[Start of section]
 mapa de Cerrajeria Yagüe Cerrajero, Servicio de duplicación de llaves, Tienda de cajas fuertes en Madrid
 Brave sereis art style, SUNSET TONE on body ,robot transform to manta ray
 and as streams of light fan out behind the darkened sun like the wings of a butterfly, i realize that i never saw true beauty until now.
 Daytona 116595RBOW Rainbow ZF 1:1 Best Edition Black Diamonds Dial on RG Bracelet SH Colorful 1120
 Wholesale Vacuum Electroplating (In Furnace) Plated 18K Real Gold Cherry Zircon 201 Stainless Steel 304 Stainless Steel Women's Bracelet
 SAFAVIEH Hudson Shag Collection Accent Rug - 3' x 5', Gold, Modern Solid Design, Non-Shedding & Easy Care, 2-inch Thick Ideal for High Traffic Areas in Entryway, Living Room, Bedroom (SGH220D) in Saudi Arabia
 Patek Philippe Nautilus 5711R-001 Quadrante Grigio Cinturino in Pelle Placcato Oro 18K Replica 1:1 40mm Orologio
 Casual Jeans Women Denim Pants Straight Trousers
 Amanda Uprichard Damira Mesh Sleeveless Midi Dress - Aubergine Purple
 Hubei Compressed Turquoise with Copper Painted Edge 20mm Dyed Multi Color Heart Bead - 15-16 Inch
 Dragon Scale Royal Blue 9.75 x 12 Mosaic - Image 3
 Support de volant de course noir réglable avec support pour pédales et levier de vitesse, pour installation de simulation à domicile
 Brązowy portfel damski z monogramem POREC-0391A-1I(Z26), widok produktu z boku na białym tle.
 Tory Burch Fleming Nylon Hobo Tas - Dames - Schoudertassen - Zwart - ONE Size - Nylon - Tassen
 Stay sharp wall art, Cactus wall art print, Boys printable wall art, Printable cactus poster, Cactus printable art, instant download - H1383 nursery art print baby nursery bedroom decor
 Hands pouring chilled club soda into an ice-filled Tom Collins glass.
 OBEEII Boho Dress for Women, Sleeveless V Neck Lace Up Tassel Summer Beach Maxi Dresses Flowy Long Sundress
[End of section]
TASK TO COMPLETE: Without omitting any record, transcribe the data exactly.

WRITTEN RESPONSE:
 mapa de Cerrajeria Yagüe Cerrajero, Servicio de duplicación de llaves, Tienda de cajas fuertes en Madrid
 Brave sereis art style, SUNSET TONE on body ,robot transform to manta ray
 and as streams of light fan out behind the darkened sun like the wings of a butterfly, i realize that i never saw true beauty until now.
 Daytona 116595RBOW Rainbow ZF 1:1 Best Edition Black Diamonds Dial on RG Bracelet SH Colorful 1120
 Wholesale Vacuum Electroplating (In Furnace) Plated 18K Real Gold Cherry Zircon 201 Stainless Steel 304 Stainless Steel Women's Bracelet
 SAFAVIEH Hudson Shag Collection Accent Rug - 3' x 5', Gold, Modern Solid Design, Non-Shedding & Easy Care, 2-inch Thick Ideal for High Traffic Areas in Entryway, Living Room, Bedroom (SGH220D) in Saudi Arabia
 Patek Philippe Nautilus 5711R-001 Quadrante Grigio Cinturino in Pelle Placcato Oro 18K Replica 1:1 40mm Orologio
 Casual Jeans Women Denim Pants Straight Trousers
 Amanda Uprichard Damira Mesh Sleeveless Midi Dress - Aubergine Purple
 Hubei Compressed Turquoise with Copper Painted Edge 20mm Dyed Multi Color Heart Bead - 15-16 Inch
 Dragon Scale Royal Blue 9.75 x 12 Mosaic - Image 3
 Support de volant de course noir réglable avec support pour pédales et levier de vitesse, pour installation de simulation à domicile
 Brązowy portfel damski z monogramem POREC-0391A-1I(Z26), widok produktu z boku na białym tle.
 Tory Burch Fleming Nylon Hobo Tas - Dames - Schoudertassen - Zwart - ONE Size - Nylon - Tassen
 Stay sharp wall art, Cactus wall art print, Boys printable wall art, Printable cactus poster, Cactus printable art, instant download - H1383 nursery art print baby nursery bedroom decor
 Hands pouring chilled club soda into an ice-filled Tom Collins glass.
 OBEEII Boho Dress for Women, Sleeveless V Neck Lace Up Tassel Summer Beach Maxi Dresses Flowy Long Sundress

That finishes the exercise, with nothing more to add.